### [Task instructions]
Only the lines from the one containing "Jan, el autor" through the one containing "30 Clark Pl, Avenel, NJ 07001" should be printed, exactly as they appear below, with both ends included.
***
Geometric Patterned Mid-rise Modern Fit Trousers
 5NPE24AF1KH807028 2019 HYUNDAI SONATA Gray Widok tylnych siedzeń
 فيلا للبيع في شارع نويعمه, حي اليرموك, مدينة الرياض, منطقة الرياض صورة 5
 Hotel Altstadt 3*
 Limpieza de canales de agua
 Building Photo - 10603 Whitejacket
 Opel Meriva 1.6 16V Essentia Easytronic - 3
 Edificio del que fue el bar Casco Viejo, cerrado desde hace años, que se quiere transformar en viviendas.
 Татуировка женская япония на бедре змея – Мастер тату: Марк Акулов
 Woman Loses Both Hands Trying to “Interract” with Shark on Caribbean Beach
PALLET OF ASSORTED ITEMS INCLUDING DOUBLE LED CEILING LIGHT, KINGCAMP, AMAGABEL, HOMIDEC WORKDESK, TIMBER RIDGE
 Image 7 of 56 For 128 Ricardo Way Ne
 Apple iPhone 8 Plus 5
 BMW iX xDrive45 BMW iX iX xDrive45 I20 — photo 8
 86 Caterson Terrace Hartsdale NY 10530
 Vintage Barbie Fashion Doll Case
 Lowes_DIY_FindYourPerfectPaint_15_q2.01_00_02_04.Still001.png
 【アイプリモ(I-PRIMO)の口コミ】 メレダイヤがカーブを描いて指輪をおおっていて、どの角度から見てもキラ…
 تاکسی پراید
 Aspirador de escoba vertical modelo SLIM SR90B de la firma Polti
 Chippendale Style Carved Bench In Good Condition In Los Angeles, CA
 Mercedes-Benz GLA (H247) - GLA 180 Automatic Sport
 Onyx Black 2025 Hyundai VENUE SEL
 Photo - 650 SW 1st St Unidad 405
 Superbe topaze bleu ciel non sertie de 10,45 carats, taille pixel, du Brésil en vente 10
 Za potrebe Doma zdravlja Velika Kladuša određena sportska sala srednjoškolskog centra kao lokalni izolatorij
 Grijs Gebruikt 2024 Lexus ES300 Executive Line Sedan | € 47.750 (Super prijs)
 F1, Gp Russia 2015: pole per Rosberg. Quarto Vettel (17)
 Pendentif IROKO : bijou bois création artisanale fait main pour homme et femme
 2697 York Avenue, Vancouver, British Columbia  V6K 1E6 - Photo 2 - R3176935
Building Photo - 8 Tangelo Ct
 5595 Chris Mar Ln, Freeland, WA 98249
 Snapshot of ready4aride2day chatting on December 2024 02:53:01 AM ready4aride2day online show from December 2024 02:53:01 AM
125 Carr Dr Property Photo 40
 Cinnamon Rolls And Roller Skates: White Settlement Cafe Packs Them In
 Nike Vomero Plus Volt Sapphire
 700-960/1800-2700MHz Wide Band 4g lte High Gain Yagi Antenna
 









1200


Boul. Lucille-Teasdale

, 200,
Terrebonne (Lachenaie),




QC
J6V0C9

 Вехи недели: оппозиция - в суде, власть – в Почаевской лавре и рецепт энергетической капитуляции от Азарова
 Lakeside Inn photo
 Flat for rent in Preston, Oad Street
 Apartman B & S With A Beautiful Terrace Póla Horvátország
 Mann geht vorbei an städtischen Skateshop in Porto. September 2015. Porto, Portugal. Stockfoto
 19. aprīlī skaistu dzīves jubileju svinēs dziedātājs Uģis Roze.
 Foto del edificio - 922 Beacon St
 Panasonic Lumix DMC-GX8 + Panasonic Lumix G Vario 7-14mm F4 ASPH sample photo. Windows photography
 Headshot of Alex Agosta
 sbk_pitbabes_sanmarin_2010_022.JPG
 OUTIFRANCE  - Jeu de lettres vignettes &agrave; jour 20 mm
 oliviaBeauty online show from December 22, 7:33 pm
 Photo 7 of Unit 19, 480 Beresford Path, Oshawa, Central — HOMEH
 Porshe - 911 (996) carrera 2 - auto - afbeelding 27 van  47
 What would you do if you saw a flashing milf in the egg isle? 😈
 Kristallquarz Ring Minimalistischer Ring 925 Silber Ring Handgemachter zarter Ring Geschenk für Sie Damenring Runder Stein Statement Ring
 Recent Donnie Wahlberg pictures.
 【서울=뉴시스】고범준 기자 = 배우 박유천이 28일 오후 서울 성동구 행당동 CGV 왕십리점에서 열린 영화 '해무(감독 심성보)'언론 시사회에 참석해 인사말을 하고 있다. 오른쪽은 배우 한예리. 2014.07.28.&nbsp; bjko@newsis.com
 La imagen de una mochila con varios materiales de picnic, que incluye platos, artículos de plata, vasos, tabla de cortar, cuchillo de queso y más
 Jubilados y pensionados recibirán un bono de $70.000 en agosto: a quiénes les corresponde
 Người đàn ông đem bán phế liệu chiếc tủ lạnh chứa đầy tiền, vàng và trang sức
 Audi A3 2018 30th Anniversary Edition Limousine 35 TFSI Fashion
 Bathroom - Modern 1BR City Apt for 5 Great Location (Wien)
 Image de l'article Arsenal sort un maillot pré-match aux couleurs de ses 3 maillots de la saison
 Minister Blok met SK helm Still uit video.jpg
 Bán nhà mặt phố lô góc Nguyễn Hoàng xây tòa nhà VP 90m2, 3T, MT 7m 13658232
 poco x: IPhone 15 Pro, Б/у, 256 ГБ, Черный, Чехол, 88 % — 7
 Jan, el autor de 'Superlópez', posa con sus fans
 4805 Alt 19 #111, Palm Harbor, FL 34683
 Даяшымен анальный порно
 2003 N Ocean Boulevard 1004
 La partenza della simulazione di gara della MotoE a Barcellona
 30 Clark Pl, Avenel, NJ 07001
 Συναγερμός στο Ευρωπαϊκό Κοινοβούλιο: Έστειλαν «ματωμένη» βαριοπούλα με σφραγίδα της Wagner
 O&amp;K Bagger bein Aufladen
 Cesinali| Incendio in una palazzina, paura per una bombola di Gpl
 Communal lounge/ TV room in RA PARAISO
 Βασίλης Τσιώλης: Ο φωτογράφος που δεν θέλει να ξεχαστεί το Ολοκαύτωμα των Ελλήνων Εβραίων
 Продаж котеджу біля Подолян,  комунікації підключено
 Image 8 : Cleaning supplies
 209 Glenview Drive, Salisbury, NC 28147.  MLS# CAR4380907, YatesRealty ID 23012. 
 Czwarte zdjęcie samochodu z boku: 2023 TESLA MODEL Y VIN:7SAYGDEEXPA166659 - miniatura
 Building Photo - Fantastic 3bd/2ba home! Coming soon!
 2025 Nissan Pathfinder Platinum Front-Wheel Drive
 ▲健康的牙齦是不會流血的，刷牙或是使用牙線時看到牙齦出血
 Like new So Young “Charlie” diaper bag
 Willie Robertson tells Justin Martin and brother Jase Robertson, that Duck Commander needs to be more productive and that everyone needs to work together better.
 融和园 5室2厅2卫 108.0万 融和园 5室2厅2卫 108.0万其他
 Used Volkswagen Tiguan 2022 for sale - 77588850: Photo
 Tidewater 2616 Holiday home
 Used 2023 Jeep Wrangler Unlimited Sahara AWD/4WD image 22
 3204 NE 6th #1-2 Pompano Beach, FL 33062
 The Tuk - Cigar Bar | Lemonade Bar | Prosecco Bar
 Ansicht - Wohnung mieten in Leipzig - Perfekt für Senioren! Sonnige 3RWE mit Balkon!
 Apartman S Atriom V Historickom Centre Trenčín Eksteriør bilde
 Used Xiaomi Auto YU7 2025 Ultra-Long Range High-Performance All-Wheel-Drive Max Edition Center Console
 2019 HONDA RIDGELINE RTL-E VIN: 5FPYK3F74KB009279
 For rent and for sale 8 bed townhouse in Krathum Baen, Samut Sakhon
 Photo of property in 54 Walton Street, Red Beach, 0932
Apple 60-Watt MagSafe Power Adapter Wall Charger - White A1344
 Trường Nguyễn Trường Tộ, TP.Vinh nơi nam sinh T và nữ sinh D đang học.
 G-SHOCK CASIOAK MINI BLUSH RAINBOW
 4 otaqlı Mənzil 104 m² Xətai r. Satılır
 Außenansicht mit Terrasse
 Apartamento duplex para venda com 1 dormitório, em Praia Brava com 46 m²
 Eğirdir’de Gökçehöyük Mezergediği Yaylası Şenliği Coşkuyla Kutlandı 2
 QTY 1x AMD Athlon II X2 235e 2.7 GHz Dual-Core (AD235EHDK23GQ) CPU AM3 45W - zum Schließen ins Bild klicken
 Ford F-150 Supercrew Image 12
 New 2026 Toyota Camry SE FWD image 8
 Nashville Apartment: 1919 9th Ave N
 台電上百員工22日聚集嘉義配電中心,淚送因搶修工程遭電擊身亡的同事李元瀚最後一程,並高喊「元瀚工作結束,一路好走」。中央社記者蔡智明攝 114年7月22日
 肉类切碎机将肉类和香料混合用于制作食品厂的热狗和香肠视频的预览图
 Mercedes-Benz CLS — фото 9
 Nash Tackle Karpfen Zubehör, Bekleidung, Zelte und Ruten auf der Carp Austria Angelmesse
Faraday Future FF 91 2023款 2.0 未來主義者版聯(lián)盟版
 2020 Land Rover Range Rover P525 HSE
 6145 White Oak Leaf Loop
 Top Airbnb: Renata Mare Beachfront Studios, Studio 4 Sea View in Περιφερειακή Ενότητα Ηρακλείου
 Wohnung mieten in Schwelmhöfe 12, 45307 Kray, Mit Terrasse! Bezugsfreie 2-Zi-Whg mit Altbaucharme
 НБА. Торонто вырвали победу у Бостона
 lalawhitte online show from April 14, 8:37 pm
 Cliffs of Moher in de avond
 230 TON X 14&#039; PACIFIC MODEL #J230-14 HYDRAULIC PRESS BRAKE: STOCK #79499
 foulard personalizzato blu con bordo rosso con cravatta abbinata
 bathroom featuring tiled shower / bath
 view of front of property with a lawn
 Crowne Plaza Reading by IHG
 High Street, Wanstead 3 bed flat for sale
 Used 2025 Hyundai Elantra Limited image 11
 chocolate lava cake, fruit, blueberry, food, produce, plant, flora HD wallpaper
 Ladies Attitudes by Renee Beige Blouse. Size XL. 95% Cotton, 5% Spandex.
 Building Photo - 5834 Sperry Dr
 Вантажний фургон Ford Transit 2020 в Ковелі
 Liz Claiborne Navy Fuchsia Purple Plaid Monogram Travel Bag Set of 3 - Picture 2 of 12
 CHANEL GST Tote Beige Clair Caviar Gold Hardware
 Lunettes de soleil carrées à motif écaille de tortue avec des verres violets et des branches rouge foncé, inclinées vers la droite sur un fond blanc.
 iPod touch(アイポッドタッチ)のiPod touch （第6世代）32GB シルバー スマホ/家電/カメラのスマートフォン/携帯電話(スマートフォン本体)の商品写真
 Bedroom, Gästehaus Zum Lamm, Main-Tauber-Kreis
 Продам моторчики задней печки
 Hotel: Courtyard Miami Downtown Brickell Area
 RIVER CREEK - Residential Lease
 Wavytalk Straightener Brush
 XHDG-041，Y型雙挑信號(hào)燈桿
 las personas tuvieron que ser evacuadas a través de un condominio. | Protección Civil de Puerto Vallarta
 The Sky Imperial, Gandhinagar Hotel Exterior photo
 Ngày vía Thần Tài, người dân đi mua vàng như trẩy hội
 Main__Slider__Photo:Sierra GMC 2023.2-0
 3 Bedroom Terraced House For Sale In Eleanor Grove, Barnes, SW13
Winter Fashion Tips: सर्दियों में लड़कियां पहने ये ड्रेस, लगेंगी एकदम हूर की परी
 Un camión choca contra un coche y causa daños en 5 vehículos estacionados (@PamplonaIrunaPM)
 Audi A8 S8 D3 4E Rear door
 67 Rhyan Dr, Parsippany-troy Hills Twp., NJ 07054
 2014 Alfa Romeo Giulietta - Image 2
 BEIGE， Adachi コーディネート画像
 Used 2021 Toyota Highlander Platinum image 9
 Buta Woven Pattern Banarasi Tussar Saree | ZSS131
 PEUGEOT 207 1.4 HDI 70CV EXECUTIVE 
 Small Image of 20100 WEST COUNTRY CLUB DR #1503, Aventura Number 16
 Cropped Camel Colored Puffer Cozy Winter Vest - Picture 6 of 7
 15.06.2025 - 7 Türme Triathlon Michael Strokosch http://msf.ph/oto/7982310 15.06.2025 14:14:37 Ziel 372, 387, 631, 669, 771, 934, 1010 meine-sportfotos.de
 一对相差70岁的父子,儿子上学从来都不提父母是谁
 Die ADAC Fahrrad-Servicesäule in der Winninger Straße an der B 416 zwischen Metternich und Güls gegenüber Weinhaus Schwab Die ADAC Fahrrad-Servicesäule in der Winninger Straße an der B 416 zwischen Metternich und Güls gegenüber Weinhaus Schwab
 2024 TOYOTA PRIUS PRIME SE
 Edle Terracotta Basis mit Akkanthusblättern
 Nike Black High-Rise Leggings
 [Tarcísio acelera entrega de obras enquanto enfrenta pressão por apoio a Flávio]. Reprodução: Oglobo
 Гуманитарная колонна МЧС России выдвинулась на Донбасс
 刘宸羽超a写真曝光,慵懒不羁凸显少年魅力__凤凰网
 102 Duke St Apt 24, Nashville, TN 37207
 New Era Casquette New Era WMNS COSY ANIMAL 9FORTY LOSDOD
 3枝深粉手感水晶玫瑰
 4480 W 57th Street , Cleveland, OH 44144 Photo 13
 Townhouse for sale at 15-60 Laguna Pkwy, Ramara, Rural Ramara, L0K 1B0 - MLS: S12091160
***
### [Solution to this task]
 Jan, el autor de 'Superlópez', posa con sus fans
 4805 Alt 19 #111, Palm Harbor, FL 34683
 Даяшымен анальный порно
 2003 N Ocean Boulevard 1004
 La partenza della simulazione di gara della MotoE a Barcellona
 30 Clark Pl, Avenel, NJ 07001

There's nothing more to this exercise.